» **Material shown**
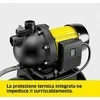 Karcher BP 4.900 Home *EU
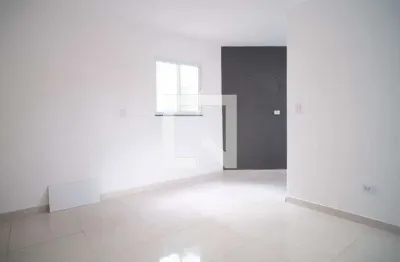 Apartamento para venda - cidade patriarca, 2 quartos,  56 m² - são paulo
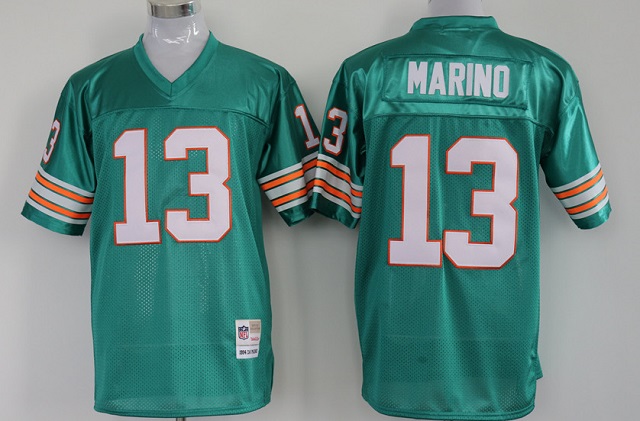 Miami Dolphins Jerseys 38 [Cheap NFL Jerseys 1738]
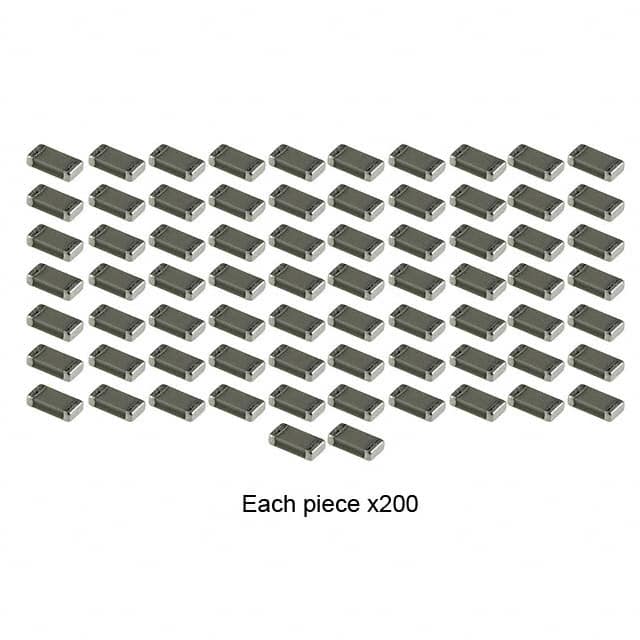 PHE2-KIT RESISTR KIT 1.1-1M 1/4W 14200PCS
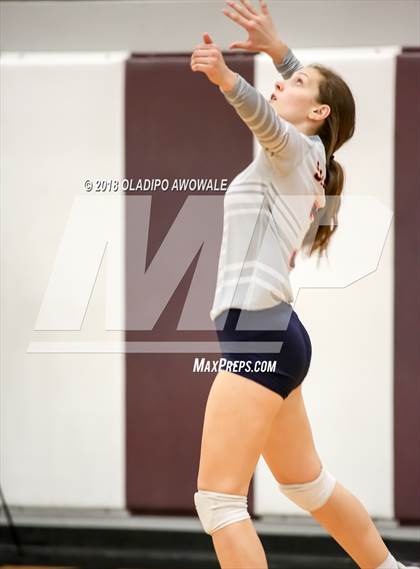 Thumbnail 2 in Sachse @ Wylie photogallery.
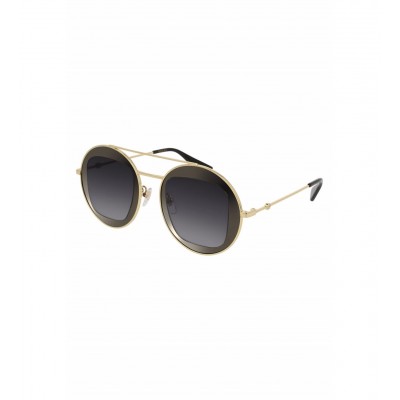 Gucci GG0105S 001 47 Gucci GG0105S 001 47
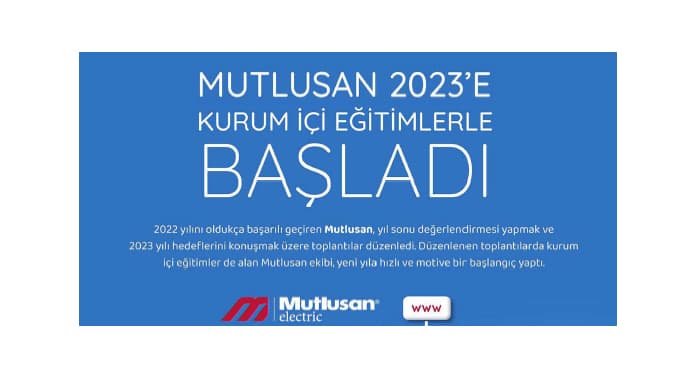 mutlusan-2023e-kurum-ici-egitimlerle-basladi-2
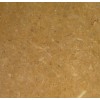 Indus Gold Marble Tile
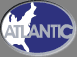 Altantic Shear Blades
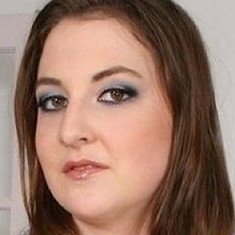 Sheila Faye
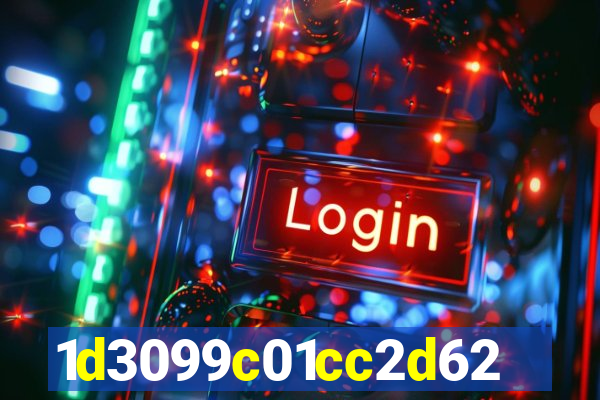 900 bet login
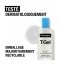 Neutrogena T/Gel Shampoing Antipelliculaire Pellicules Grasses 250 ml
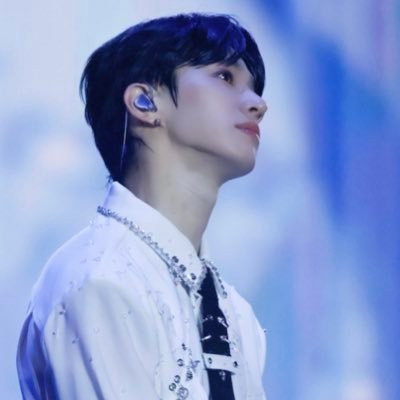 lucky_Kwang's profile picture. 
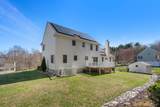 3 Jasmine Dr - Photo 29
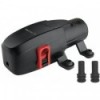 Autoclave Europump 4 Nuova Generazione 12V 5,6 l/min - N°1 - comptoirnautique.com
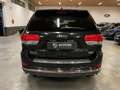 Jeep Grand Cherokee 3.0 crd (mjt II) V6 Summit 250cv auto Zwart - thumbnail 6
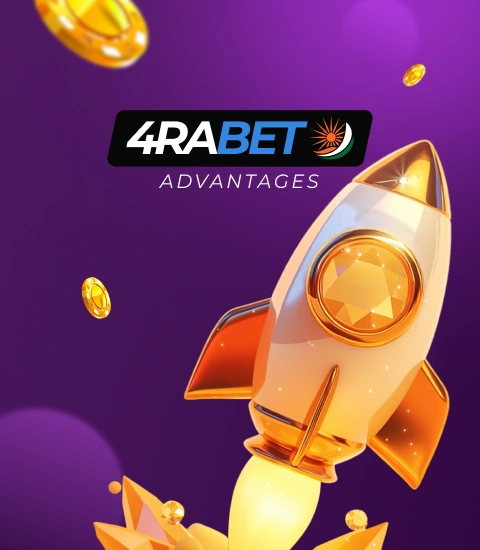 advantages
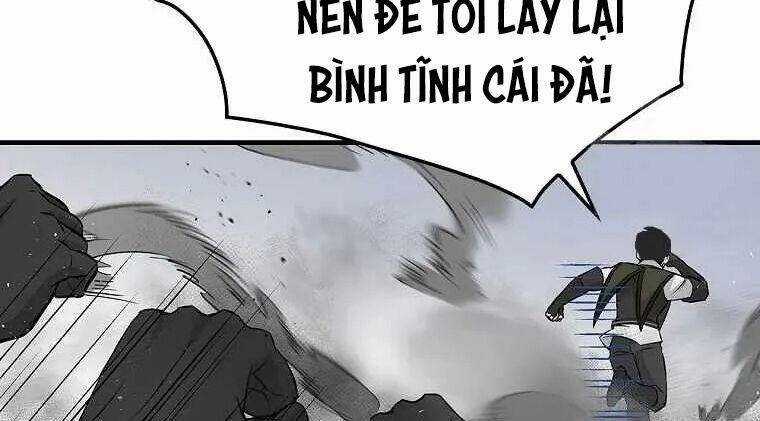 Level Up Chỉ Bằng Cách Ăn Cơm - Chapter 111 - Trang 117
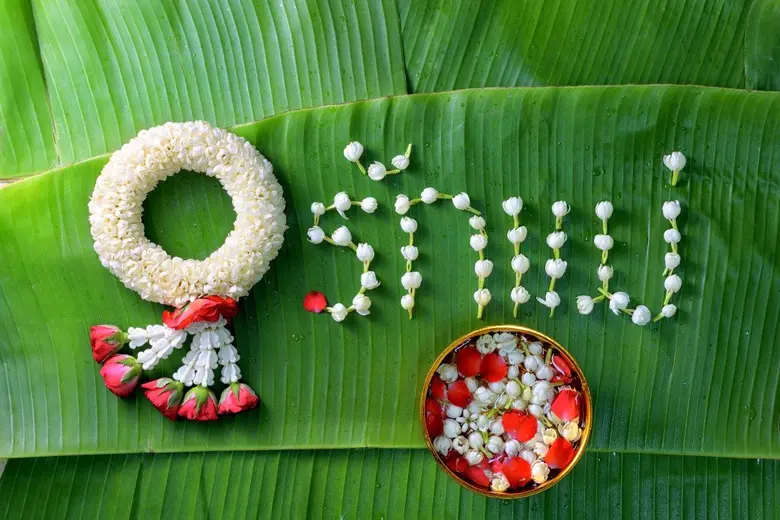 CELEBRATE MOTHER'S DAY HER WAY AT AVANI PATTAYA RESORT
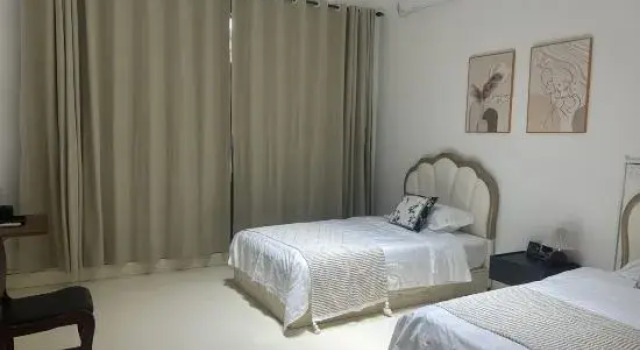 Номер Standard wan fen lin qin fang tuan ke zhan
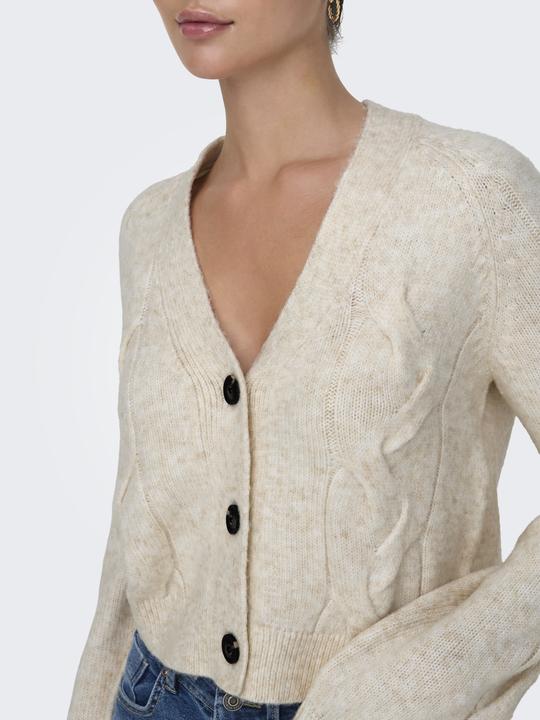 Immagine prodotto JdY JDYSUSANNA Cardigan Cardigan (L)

» **The problem**
Please transcribe every entry above exactly, leaving out any pictures.

» **Problem solution**
 Karcher BP 4.900 Home *EU
 Apartamento para venda - cidade patriarca, 2 quartos,  56 m² - são paulo
 Miami Dolphins Jerseys 38 [Cheap NFL Jerseys 1738]
 PHE2-KIT RESISTR KIT 1.1-1M 1/4W 14200PCS
 Thumbnail 2 in Sachse @ Wylie photogallery.
 Gucci GG0105S 001 47 Gucci GG0105S 001 47
 mutlusan-2023e-kurum-ici-egitimlerle-basladi-2
 Indus Gold Marble Tile
 Altantic Shear Blades
 Sheila Faye
 900 bet login
 Neutrogena T/Gel Shampoing Antipelliculaire Pellicules Grasses 250 ml
 lucky_Kwang's profile picture. 
 3 Jasmine Dr - Photo 29
 Autoclave Europump 4 Nuova Generazione 12V 5,6 l/min - N°1 - comptoirnautique.com
 Jeep Grand Cherokee 3.0 crd (mjt II) V6 Summit 250cv auto Zwart - thumbnail 6
 advantages
 Level Up Chỉ Bằng Cách Ăn Cơm - Chapter 111 - Trang 117
 CELEBRATE MOTHER'S DAY HER WAY AT AVANI PATTAYA RESORT
 Номер Standard wan fen lin qin fang tuan ke zhan
 Immagine prodotto JdY JDYSUSANNA Cardigan Cardigan (L)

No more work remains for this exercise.